O Superman by Laurie Anderson
To most teens, (at least the ones I know) the ’80s seem like a long time ago, and most of what came from that era is taken with a negative attitude.
To me, some of the best music ever written comes from the ’80s. One of my personal favorites is Laurie Anderson’s “O Superman”. It is a very bizarre song about force (Superman), justice (judge), and love(Mom and Dad), and it hints about war, too.
The music itself is very simple monotones and a repeated “Ha” syllable that loops on the same pitch the entire song and occasionally bird chirps are heard in the background. There is a synthesizer and flute duet in one part, and in the very end a saxophone plays the finale of sorts.
The lyrics are very intense. In the beginning of the song, Anderson makes fun of an answering machine (They had just come out not to long ago), and saying “This is your mother. Are you coming home?” as if to ask us has love moved aside for the use of machines? Later, She pretends to be someone “you don’t know, but I know you”, and saying “here come the planes. They’re American planes, made in America” and saying that “This is the hand, the hand that takes” when the person answering the phones asks “who is this really?”

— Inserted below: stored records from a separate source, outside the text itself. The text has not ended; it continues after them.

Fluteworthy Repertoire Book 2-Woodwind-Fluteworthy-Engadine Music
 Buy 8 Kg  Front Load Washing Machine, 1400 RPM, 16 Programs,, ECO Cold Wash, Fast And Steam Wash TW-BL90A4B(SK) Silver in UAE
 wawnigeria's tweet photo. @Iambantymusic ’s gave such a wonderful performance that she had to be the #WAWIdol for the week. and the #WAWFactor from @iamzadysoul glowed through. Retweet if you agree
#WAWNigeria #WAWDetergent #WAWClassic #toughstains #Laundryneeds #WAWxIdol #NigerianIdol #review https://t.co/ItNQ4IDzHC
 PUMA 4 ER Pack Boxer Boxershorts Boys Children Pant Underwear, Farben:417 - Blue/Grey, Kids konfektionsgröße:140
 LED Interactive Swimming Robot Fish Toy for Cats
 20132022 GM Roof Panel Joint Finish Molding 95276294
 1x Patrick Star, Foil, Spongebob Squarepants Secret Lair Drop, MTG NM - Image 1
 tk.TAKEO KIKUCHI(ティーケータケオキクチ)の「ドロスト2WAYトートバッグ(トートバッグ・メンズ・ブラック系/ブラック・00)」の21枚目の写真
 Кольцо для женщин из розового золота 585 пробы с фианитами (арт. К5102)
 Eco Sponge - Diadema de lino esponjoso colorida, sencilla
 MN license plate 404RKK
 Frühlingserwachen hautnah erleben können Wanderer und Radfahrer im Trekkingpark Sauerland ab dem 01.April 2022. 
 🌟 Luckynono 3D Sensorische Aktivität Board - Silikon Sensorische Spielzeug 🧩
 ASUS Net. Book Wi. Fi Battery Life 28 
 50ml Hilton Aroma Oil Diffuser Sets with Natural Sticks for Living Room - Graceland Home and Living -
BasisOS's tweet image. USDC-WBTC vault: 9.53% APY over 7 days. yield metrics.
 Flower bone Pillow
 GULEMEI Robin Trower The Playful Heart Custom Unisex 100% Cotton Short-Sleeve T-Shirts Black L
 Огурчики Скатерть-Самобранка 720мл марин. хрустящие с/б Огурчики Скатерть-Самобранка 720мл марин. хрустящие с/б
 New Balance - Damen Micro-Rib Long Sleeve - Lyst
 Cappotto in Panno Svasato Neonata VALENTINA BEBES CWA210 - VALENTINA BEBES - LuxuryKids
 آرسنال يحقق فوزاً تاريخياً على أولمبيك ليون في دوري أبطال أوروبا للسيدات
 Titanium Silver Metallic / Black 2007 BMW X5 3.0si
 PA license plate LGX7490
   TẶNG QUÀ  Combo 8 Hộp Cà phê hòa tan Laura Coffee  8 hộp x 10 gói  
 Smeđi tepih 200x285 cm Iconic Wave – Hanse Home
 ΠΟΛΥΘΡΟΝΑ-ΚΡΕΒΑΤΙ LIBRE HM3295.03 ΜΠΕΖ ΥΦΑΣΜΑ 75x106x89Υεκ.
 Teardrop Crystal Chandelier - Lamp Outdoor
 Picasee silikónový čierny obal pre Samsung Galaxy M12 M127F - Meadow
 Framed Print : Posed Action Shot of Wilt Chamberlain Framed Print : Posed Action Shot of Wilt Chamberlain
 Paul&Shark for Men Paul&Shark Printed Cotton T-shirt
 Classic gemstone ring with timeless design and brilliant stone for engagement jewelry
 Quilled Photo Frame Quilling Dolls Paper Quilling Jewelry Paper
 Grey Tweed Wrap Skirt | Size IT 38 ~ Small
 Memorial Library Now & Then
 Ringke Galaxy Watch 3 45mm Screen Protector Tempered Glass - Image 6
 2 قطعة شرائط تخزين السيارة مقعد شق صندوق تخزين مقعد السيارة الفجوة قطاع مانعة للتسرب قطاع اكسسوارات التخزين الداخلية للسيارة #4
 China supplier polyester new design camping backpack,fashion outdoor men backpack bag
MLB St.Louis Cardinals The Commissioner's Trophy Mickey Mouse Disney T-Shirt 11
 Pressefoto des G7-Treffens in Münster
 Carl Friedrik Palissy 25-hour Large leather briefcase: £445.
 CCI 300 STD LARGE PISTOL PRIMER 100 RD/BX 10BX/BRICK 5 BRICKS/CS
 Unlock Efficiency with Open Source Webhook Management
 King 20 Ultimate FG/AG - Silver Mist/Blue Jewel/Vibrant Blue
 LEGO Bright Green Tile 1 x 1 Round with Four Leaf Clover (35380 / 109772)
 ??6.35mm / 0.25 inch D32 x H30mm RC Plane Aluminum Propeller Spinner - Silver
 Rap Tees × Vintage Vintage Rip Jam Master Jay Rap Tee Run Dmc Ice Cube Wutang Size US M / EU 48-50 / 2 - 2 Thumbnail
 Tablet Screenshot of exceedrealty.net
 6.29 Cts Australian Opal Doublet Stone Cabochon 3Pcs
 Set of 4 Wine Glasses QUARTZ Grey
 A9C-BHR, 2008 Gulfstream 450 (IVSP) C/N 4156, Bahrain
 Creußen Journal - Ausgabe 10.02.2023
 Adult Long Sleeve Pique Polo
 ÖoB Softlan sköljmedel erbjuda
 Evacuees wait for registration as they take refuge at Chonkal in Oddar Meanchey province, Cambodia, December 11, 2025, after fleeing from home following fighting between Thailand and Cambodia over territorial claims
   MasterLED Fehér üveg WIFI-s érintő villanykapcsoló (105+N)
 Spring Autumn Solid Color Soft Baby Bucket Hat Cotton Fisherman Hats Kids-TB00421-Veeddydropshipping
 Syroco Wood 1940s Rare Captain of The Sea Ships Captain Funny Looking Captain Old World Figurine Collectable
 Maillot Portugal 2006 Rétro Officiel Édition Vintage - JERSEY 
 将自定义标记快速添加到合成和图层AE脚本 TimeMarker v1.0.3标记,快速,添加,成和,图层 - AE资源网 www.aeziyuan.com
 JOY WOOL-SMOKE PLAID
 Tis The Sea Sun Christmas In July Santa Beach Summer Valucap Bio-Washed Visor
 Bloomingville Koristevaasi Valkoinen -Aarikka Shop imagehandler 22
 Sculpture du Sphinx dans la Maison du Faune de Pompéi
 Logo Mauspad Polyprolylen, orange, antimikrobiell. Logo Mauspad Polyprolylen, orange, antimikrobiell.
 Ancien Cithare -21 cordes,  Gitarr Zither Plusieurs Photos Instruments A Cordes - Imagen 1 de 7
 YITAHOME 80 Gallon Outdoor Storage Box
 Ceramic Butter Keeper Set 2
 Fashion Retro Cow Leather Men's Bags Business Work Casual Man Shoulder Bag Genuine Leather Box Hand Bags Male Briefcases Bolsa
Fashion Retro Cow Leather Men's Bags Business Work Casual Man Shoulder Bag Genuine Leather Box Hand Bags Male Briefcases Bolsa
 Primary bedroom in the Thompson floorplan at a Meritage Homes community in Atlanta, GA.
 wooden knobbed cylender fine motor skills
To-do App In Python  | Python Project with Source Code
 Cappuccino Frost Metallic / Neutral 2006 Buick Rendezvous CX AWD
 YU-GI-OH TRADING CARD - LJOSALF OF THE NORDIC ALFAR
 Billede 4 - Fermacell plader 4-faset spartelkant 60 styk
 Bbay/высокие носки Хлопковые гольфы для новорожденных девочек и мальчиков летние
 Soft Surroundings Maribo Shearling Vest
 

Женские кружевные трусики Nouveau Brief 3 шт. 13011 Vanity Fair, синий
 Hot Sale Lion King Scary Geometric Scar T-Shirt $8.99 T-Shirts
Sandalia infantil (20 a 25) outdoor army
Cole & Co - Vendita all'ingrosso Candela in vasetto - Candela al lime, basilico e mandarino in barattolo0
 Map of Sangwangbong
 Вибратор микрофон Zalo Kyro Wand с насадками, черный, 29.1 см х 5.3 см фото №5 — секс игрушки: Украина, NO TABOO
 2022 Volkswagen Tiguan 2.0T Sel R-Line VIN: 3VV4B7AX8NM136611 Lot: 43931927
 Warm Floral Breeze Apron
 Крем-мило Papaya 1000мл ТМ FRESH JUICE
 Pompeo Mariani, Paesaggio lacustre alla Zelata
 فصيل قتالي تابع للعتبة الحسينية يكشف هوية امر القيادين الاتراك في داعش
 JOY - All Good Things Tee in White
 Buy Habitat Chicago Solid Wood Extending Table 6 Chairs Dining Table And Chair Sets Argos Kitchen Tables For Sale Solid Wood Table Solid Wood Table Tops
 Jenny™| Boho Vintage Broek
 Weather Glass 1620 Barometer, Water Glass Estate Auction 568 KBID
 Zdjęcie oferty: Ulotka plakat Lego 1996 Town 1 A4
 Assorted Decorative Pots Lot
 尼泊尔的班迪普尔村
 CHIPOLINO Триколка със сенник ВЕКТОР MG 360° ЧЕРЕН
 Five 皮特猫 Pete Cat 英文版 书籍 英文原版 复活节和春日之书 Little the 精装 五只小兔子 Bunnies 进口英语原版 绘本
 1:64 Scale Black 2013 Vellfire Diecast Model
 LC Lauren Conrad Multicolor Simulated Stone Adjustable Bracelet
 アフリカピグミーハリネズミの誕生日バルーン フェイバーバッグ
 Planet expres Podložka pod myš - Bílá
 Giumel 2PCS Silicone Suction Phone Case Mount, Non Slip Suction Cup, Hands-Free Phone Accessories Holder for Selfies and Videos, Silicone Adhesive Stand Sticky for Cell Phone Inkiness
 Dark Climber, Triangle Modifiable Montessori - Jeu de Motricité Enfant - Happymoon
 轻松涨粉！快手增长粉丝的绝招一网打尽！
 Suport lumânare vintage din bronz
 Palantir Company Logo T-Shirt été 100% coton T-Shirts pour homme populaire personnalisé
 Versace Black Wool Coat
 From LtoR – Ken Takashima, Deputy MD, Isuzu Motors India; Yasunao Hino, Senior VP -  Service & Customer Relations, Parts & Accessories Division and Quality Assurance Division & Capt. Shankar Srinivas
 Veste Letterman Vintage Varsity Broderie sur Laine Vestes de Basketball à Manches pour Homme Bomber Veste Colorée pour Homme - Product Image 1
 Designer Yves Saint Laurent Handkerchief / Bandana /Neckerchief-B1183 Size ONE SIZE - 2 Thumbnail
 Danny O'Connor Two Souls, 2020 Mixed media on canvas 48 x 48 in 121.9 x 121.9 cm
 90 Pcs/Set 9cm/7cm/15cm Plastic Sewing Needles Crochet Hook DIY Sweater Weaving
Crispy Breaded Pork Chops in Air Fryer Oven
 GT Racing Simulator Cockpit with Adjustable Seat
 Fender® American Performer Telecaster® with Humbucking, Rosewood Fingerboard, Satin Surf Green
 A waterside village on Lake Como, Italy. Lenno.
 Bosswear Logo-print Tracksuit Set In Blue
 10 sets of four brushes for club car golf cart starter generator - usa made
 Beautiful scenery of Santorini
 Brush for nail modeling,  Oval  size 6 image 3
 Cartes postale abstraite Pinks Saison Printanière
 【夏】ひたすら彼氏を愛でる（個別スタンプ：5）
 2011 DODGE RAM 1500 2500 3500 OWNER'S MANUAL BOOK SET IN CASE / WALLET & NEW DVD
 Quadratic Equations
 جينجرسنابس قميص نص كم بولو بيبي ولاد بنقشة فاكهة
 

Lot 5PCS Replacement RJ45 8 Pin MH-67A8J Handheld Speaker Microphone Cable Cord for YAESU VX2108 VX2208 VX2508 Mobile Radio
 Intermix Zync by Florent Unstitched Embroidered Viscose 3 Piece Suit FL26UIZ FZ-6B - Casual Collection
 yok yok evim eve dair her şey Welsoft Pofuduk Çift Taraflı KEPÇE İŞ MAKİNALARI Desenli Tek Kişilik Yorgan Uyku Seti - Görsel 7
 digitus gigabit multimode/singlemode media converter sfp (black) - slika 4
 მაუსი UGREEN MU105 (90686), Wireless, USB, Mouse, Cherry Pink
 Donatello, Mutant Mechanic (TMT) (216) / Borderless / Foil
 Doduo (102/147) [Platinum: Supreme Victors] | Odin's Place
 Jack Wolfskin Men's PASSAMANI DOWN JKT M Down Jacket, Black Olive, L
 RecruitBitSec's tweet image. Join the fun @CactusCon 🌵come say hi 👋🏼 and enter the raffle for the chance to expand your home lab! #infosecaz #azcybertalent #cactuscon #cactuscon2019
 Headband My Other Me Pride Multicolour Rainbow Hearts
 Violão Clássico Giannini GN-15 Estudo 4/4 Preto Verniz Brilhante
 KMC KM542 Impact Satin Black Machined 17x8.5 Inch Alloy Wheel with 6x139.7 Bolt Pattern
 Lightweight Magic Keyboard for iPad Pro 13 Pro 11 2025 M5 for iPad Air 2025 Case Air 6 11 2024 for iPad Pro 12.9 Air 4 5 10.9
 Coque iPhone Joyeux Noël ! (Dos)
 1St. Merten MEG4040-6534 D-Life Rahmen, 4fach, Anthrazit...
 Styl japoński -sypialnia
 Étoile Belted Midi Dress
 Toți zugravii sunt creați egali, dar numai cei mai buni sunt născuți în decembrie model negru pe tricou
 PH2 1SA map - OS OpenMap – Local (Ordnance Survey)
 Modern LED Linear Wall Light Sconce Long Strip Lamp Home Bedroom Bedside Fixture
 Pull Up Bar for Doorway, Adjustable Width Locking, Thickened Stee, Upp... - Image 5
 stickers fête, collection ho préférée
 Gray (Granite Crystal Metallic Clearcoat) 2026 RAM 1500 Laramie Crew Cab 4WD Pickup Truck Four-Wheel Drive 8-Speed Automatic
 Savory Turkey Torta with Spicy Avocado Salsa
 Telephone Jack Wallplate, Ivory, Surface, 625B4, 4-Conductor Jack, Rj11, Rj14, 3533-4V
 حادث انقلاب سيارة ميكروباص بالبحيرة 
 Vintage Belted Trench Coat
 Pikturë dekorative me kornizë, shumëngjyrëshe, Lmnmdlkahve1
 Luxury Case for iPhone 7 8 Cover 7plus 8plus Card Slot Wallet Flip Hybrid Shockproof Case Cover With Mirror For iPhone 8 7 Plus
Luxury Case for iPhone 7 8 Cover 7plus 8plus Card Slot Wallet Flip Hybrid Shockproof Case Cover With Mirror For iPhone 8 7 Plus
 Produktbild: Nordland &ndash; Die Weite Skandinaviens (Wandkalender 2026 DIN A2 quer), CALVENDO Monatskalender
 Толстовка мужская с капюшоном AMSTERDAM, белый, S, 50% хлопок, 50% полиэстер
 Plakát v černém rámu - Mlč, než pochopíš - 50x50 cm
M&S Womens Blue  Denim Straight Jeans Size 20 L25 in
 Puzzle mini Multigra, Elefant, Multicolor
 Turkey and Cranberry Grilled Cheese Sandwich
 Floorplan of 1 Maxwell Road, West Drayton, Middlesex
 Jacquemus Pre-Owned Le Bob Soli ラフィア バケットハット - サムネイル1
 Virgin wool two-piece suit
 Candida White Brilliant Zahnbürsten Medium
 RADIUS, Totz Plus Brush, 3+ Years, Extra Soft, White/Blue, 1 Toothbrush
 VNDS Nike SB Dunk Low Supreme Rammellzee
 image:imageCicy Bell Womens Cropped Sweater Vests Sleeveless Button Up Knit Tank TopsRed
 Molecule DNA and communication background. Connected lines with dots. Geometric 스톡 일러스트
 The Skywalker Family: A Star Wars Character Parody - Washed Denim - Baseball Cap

In the end, Anderson makes a point that reminds me of when [little] kids play and a mother has to intercept (“when love is gone, there’s always justice. When justice is gone, there’s always force. When force is gone, there’s always mom.”) and a point saying that most people have a tendency to seek comfort in the wrong things. “Hold me mom, in your long arms … your electronic arms … your automatic arms … your petrochemical arms …”
I agree that this song is not for every one! And most of us teens were not around to experience what was going on back then, to fully understand the full meaning of the words.
The video was very interesting with wacky red lighting and shadow affects. There is almost constantly this little white disc in an almost always red background that turns into a globe at one point
I love this song, and it still has a message to us today, even in the 21st century.